Branko Miljuš

Personal information
- Full name: Branko Miljuš
- Date of birth: 17 August 1960 (age 64)
- Place of birth: Knin, PR Croatia, FPR Yugoslavia
- Position(s): Defender

Senior career*
- Years: Team / Apps / (Gls)
- 1980–1988: Hajduk Split / 174 / (2)
- 1988–1990: Real Valladolid / 26 / (1)
- 1990–1992: Vitória Setúbal / 44 / (6)

International career
- 1984-1988: Yugoslavia / 14 / (0)

Medal record
Men's Football
Representing Yugoslavia
Olympic Games
| Bronze medal – third place | 1984 Los Angeles | Team |

= Branko Miljuš =

Croatian footballer

Branko Miljuš (born 17 August 1960) is a Croatian retired footballer.

==Club career==
During his club career he played in 357 games (217 competitive matches) for Hajduk Split.

In his late career, Miljuš left Yugoslavia few years before the independence of Croatia, at the time tension of Serbs and Croats was rising.

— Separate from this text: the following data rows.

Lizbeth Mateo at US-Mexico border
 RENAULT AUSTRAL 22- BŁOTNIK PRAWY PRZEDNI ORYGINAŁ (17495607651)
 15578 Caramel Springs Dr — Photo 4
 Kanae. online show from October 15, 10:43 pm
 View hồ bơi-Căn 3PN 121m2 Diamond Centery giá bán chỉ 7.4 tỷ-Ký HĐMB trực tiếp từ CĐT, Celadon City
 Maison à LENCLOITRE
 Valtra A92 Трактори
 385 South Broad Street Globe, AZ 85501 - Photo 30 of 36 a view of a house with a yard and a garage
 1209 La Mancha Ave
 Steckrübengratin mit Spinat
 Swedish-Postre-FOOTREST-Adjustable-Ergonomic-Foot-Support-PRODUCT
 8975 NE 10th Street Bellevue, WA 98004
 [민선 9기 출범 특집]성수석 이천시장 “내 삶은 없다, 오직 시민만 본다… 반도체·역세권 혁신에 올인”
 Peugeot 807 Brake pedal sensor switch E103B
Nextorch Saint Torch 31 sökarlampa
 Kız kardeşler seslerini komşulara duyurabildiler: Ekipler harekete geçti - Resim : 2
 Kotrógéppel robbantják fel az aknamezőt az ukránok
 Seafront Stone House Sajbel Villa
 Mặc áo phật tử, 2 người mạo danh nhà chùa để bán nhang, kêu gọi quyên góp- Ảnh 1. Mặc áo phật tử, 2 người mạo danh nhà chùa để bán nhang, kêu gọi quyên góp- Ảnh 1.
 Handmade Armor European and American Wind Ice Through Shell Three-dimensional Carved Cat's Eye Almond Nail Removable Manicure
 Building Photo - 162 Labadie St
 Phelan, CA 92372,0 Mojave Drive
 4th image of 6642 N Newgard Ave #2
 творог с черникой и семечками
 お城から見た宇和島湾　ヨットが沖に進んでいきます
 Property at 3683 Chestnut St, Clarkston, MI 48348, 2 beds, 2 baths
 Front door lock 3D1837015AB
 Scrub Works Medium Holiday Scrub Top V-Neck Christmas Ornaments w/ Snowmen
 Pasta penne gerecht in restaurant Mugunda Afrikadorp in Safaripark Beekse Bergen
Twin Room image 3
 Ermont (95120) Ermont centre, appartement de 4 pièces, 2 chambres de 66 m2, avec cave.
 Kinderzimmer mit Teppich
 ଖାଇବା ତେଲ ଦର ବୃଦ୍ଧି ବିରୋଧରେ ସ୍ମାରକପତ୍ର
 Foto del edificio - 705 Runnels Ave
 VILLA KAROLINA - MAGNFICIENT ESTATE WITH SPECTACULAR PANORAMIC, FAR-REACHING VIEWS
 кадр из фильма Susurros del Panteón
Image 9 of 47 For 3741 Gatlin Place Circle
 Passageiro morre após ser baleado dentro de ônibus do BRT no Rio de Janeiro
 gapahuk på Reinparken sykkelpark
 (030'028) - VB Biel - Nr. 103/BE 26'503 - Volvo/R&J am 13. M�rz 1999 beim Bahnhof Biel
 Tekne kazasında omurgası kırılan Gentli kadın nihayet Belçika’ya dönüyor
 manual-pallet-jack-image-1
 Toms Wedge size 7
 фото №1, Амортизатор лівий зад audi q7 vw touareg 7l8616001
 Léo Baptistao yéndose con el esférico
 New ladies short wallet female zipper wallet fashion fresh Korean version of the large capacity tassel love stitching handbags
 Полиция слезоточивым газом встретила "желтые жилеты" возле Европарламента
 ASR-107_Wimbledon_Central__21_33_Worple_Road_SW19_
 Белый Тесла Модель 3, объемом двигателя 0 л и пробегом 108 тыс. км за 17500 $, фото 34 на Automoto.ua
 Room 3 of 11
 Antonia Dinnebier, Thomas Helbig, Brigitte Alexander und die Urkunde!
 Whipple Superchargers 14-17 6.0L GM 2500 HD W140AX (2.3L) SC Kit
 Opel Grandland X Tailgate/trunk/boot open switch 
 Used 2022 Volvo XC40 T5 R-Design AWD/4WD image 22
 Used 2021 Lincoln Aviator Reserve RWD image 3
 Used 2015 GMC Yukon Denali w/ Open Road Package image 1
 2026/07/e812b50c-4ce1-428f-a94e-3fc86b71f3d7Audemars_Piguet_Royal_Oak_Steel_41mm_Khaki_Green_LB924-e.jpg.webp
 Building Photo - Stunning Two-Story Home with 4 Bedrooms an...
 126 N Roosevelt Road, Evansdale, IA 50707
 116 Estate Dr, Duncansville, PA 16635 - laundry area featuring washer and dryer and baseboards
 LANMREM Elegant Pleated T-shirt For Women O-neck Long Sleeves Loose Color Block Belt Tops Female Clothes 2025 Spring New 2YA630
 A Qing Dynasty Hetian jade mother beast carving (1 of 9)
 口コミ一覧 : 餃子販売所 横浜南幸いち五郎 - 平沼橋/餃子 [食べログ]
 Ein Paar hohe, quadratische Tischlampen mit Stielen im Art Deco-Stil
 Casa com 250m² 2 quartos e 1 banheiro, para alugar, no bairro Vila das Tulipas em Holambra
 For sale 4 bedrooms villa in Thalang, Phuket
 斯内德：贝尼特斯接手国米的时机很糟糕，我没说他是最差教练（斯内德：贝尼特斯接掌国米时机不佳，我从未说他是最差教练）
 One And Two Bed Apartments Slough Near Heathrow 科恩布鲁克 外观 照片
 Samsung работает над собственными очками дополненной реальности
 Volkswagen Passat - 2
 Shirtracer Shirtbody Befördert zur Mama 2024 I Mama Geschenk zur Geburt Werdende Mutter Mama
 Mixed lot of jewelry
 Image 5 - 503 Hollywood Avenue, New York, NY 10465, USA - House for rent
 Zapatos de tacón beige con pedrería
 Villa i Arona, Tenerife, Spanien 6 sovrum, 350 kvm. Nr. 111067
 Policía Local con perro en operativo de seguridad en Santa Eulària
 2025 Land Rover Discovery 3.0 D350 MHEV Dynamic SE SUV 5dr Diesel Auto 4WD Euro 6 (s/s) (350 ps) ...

He then played in Spain for Real Valladolid and in Portugal for Vitória Setúbal.

==International career==
Miljuš made his debut for Yugoslavia in a June 1984 friendly match away against Portugal and earned a total of 14 caps, scoring no goals. He participated in the UEFA Euro 1984. He won a bronze medal playing for Yugoslavia in the 1984 Summer Olympics in Los Angeles.

His final international was an April 1988 friendly away against the Republic of Ireland.